*** SUPPLIED DATA

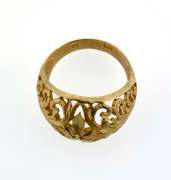 Stunning 14kt yellow gold filigree ring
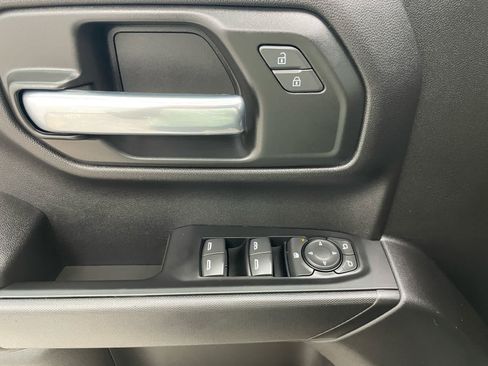 Used 2025 Chevrolet Silverado 1500 Custom w/ Turbomax Blackout Package AWD/4WD image 10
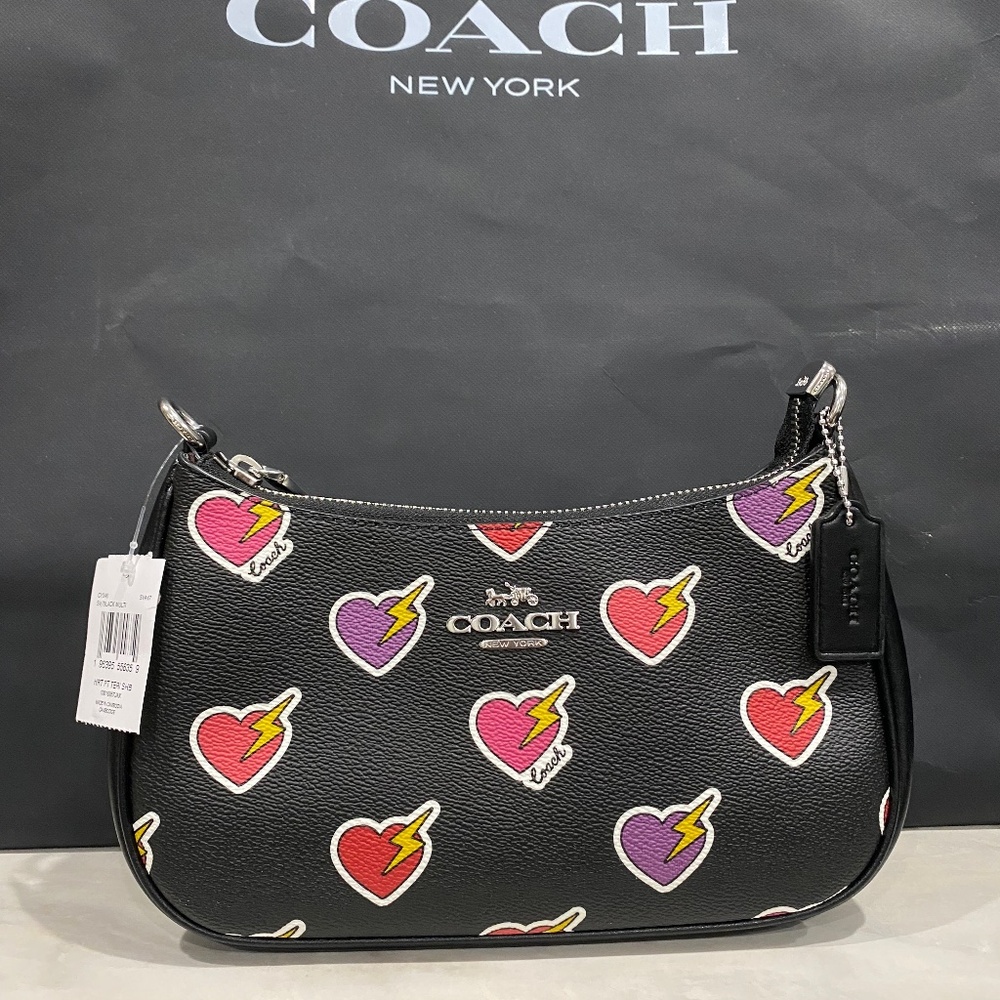 Coach NWT Black Shoulder Bag with Heart Design - Picture 8 of 12
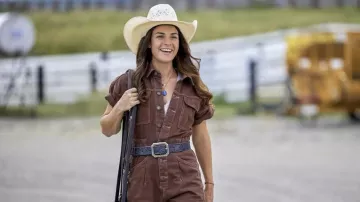 Combinaison en jean marron portée par Valeria Galindo (Sara García) vue dans l’émission Ride TV (S01E02)
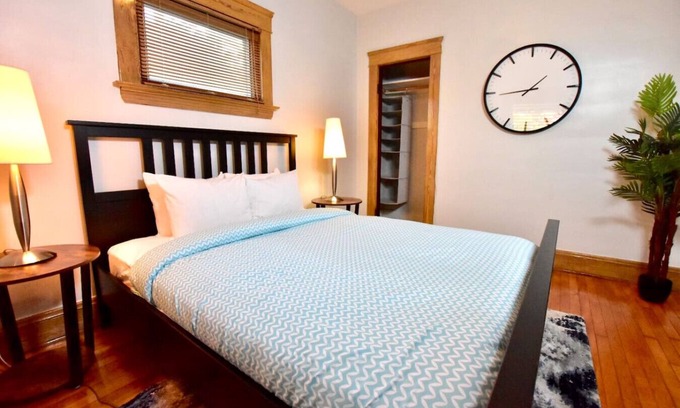 Lakewood Apartment | Close Downtown,Ohio City,Rock Hall,Westside Market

******

Pictures stay out; the data above is to be returned exactly.

 Stunning 14kt yellow gold filigree ring
 Used 2025 Chevrolet Silverado 1500 Custom w/ Turbomax Blackout Package AWD/4WD image 10
 Coach NWT Black Shoulder Bag with Heart Design - Picture 8 of 12
 Combinaison en jean marron portée par Valeria Galindo (Sara García) vue dans l’émission Ride TV (S01E02)
 Lakewood Apartment | Close Downtown,Ohio City,Rock Hall,Westside Market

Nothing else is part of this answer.